→ **Task objective**
Could you repeat, word for word, the line with "Location Appartement 3" and every line after it in the records below, leaving out any pictures?

→ **Pictures with short captions**
BEGIN

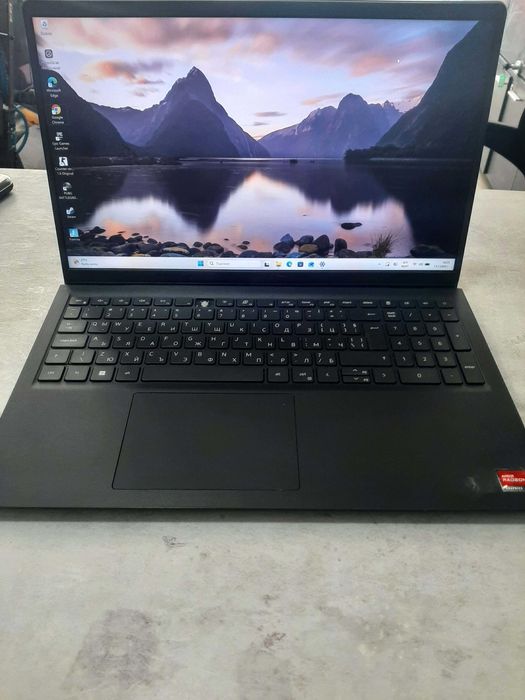 Лаптоп Dell Vostro 3525 , AMD RYZEN 5 ,500SSD, 8 GB RAM , WIN 11 Pro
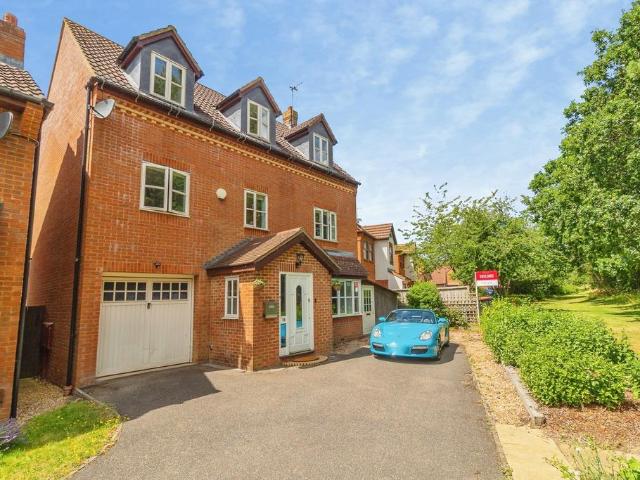 6 bedroom house for sale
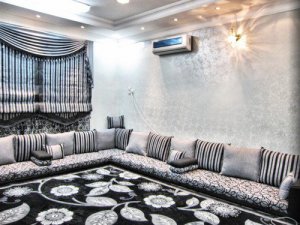 179214_195118123833969_100000073490675_7-1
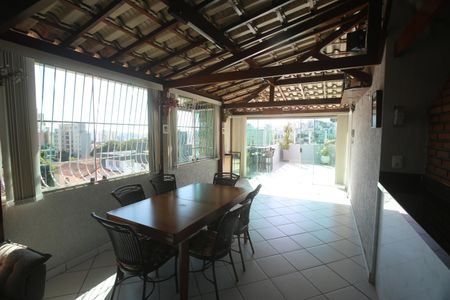 Apartamento para alugar com 213m², 4 quartos e 3 vagasCobertura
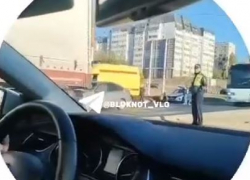 Гигантская пробка образовалась у ВолГУ из-за массового ДТП с возгоранием 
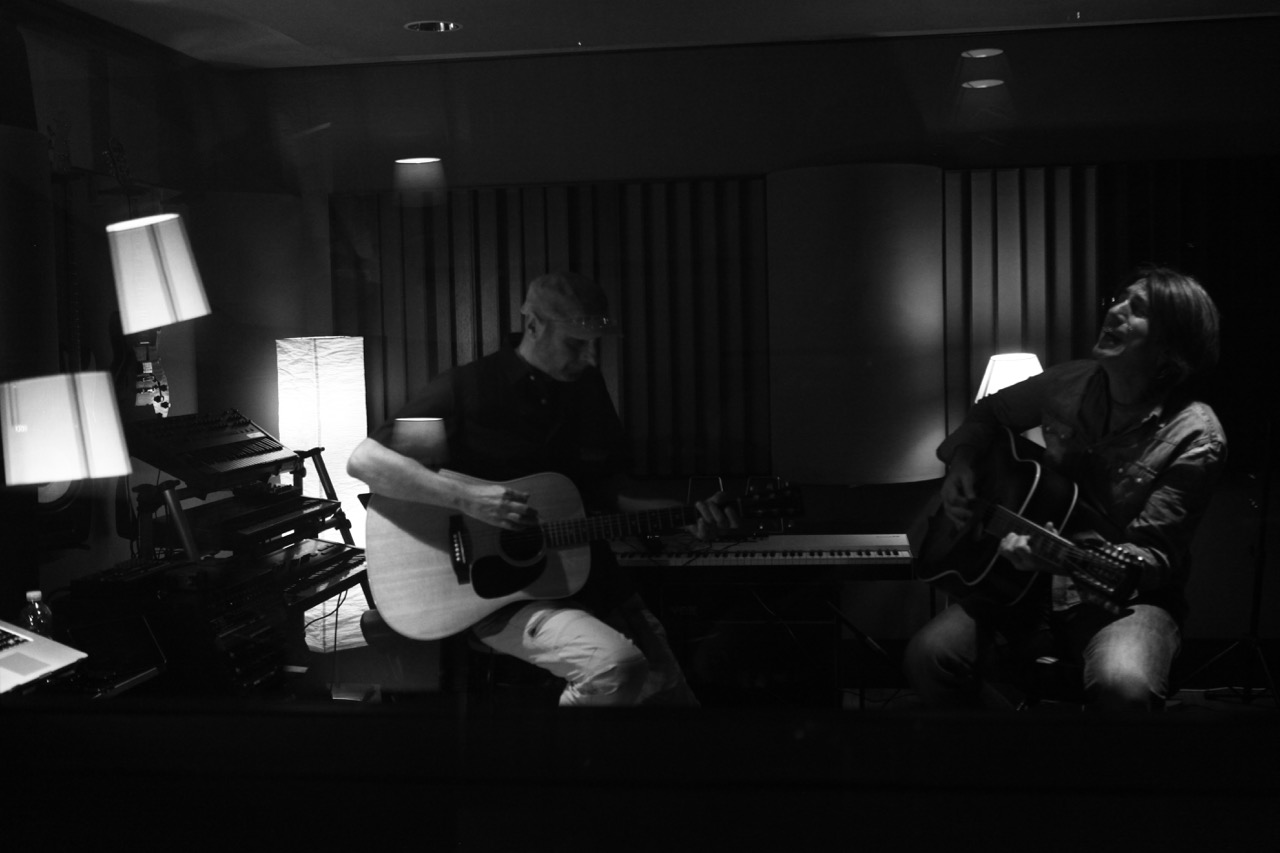 Angelo Albani &amp;amp; Damiano Marino Acoustic Power Duo — photo 6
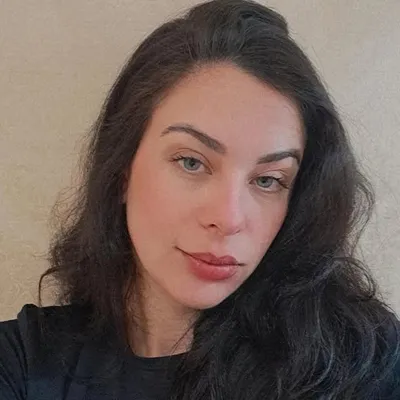 Bianca Bueno profile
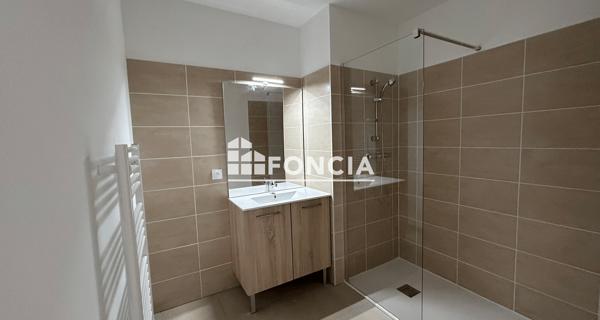 Location Appartement 3 pièces 59.9 m² - Monteux 84170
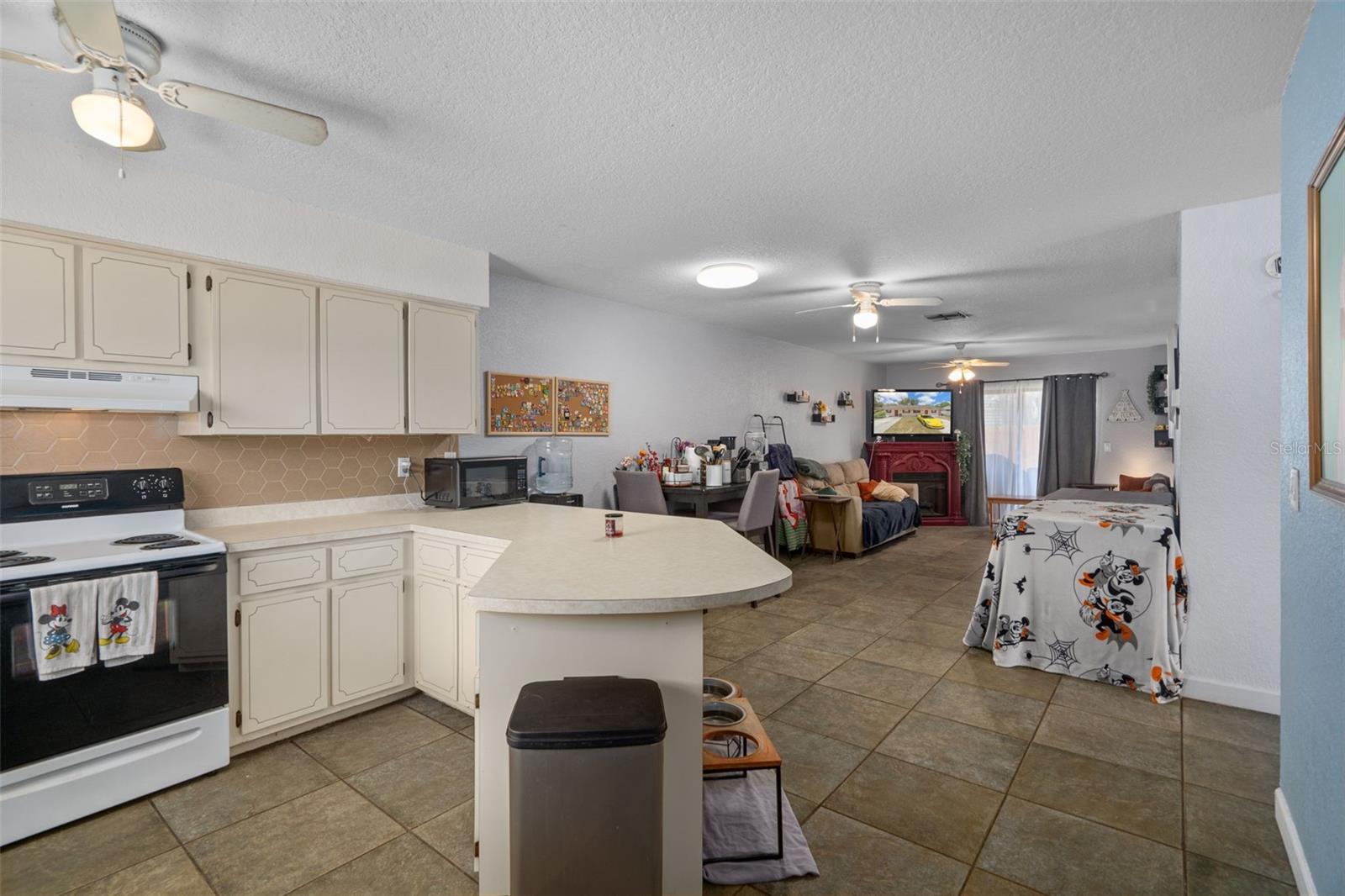 6328 Polk St Property Photo 7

END

→ **Solution**
 Location Appartement 3 pièces 59.9 m² - Monteux 84170
 6328 Polk St Property Photo 7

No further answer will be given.